Task 1.0 example answer: Name: Jack B. Muir, Preferred Name: Jack, Email: jmuir@caltech.edu, Pronouns: he/him/his
Rationale: This lab session is pitched as a piece of formative assessment for the students. They should hopefully feel confident enough to use basic Python + Obspy and to be able to read documentation so that they can create their own analyses after the end of the lab course. In this first lab, students are provided with explicit locations for which to seek out answers to their technical questions but are expected to construct the answers themselves rather than changing values in a procedure that they have been given to memorize rote. In an attempt to promote mastery of the material in this lab, the class builds up from a worked example and slowly introduces new concepts so that students are not given an undue cognitive burden.
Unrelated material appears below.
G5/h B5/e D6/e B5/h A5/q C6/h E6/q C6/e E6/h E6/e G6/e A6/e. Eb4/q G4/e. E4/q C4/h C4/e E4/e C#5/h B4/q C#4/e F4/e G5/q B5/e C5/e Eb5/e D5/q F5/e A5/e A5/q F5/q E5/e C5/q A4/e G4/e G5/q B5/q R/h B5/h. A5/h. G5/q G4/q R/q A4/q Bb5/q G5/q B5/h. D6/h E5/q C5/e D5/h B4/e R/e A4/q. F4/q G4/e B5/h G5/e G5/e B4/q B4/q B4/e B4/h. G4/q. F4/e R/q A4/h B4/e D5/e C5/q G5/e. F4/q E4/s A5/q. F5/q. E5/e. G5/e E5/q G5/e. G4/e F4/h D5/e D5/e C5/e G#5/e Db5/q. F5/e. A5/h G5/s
Experimentation in a real teaching environment will obviously be required to calibrate the tasks to fulfill this goal optimally.
Welcome to the first laboratory task of observational seismology. In this set of laboratories, we will learn the skills of modern observational seismology via the Python/Obspy workflow. We will be skipping over some parts of the scientific python ecosystem in favor of jumping right into the seismology - these will be saved for the second lab session.
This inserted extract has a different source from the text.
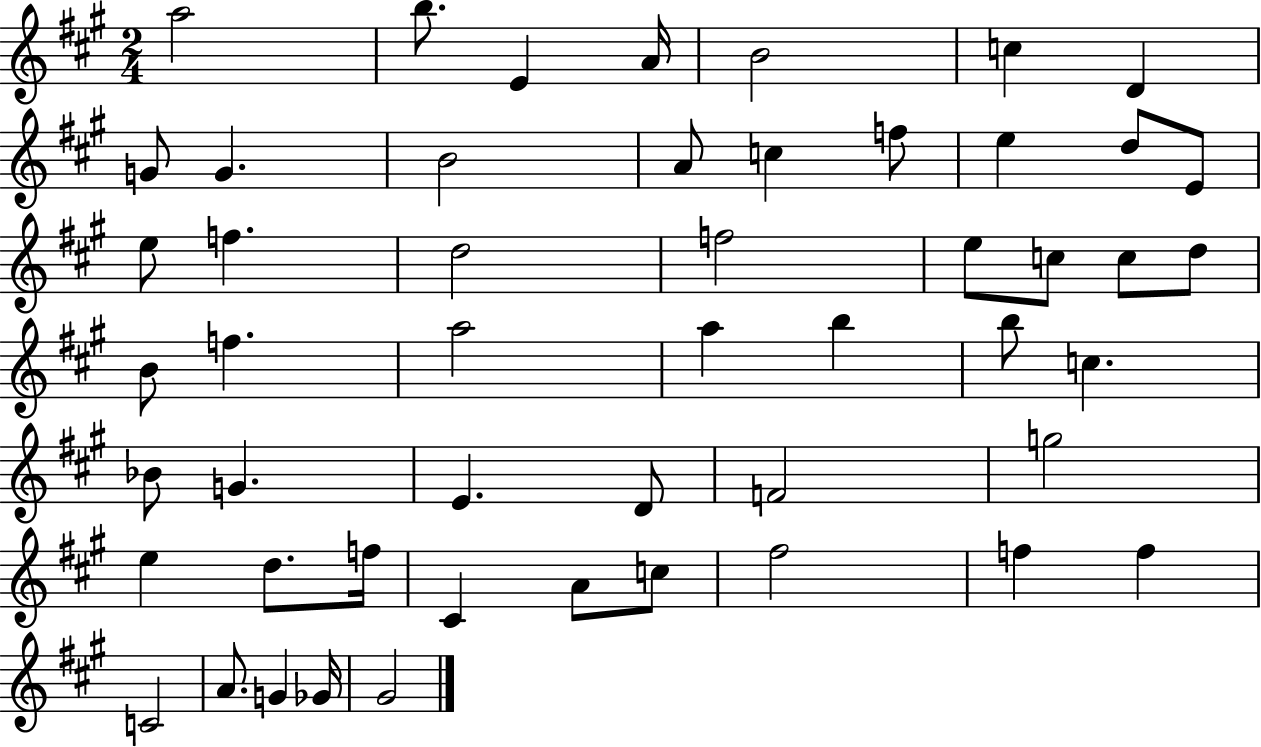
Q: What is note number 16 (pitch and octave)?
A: E4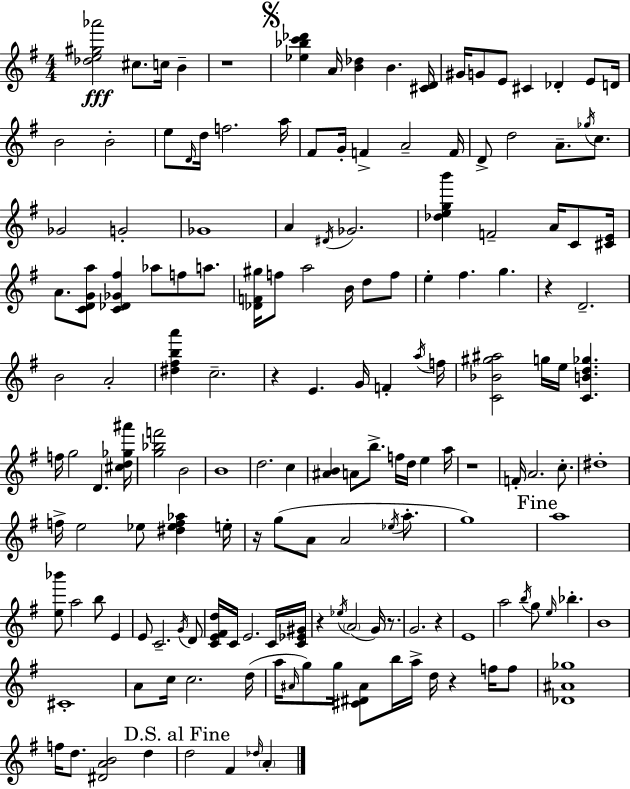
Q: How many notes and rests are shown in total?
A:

Jupyter notebooks are a mixture of code cells and markdown text cells. Markdown is a light markup language that allows some flexibility in specifying textual effects (headers, italics etc.) without making the user choose different fonts / sizes etc - for reference, see https://github.com/adam-p/markdown-here/wiki/Markdown-Cheatsheet. Code blocks are executed using a Python kernel. Jupyter is a modal editor; it has a command mode, entered by the esc key, and an editing mode, entered by double clicking a cell. In the command mode, you can make a cell markdown by pressing m, and code by pressing y. To execute a cell, press shift + enter. You can create a new cell above by pressing a, and below by pressing b, whilst in command mode. Try to keep code cells short to keep the logic of your worksheet simple. There are many other keyboard shortcuts that you can find in the Jupyter documentation, and you can also use the menus to perform these tasks. Since this document is a Jupyter notebook itself, you can always double click on one of these markdown text cells to see it in action.
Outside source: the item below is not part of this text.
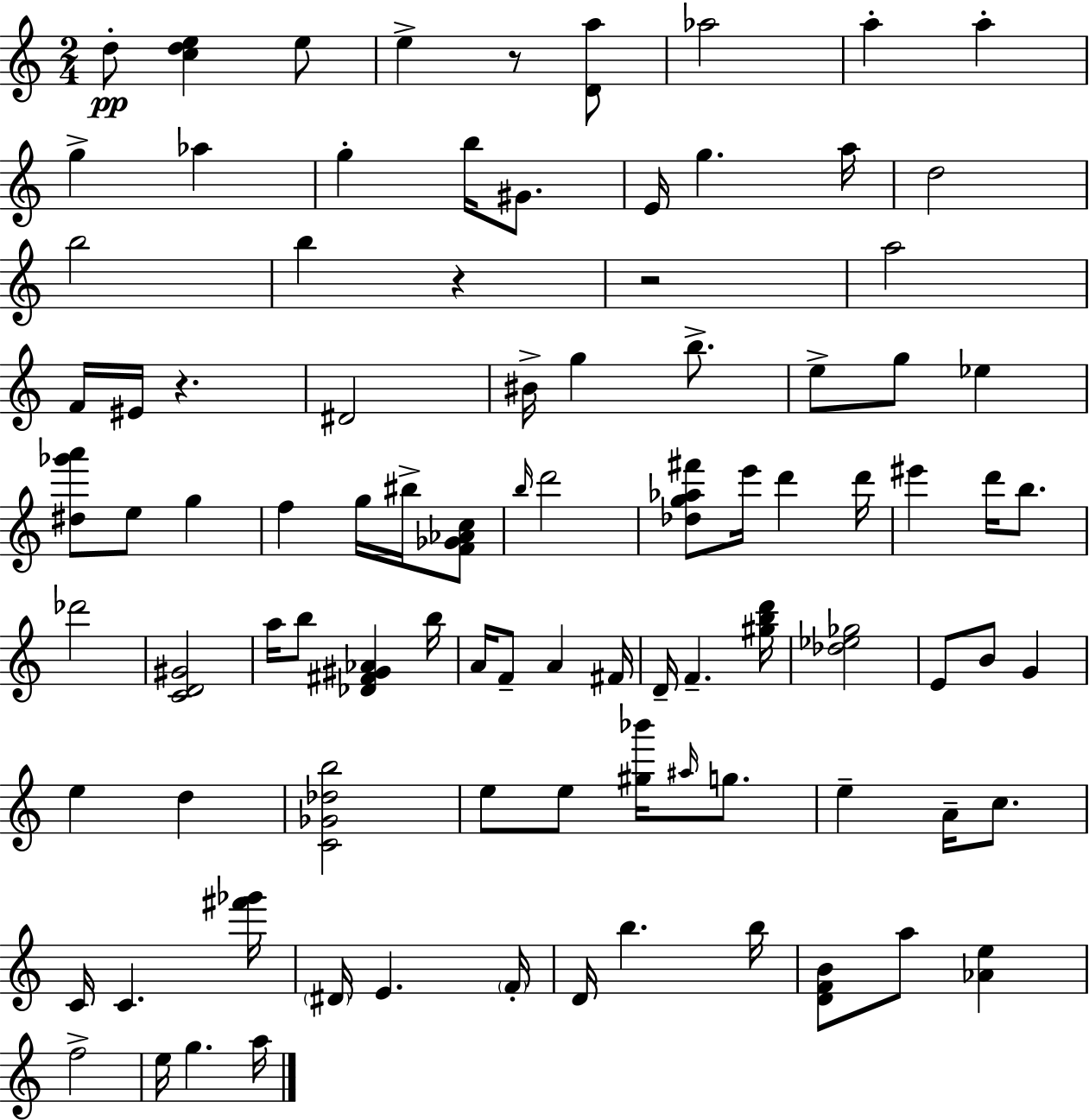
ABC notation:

Create a cell above the notebook title containing your name and email address like so: Name: your-name, Email: your-email. Feel free to add any extra biographical information (like a preferred name / preferred pronouns etc)
note here - hopefully students realize that they can double click on this cell to edit it and then just copy the formatting that they see here
Rationale: The idea here is to simultaenously attempt to promote an inclusive classroom, and to get students to perform basic comprehension about how Markdown works. As the class continues, we will attempt to slide up Bloom's taxonomy and set up students with the skills to create their own material.
In the Python ecosystem, most interesting pieces of code are kept in modules that must be imported. By a quirk of the Obspy module, we have to import different submodules seperately - see below:
In [1]:
#A fdsn client allow us to connect with web services for obtaining data
from obspy.clients.fdsn import Client
#The UTCDateTime module specifies times in a consistent fashion - useful for specifying dates precisely
from obspy import UTCDateTime
"""
we can add a "keyword argument" like "timeout" below to certain functions - keyword arguments allow Python functions
support variable numbers of arguments easily; once the keyword arguments start, their order doesn't matter
we create a new client connected to the IRIS webservice, and increase the timeout value from its default 120s because
2 minutes is often not enough to download all the data we want.
Note: this is a multiline comment (marked by the triple quotes); these comments can be placed in functions to
automatically document them - but that is a topic for another day.
"""
iris_client = Client("IRIS", timeout=600)
One of the first things we are often intested in is the location and magnitude of an event. Whilst deriving these from seismograms is nontrivial, for historical events we can often fetch them from a catalogue. Lets look at a recent large earthquake in the Americas, the 2010 Maule earthquake.
In [2]:
#we use a UTCDateTime object to set the starting time of our search
st = UTCDateTime("2010-02-27T00:00:00Z")
#we can add a time offset in seconds to get the end time of the search
et = st + 24*3600
#or equivalently just use another UTCDateTime object
et = UTCDateTime("2010-02-28T00:00:00Z")
#we can then use the fdsn client to download an event catalogue,
#specifying a large minimum magnitude to restrict the results
maule_catalogue = iris_client.get_events(starttime=st, endtime=et, minmagnitude=8)
In [3]:
#we can let obspy automatically plot the results in a nice way - the orthographic "ortho" projection shows the location
#in a continental context.
maule_catalogue.plot(projection='ortho')
#we can print the catalogue like so (obspy automatically formats it for us)
print(maule_catalogue)
Rationale: This section provides a template or worked example for students to work from in the coming questions. Hopefully they will be able to use the example here to build their own answers.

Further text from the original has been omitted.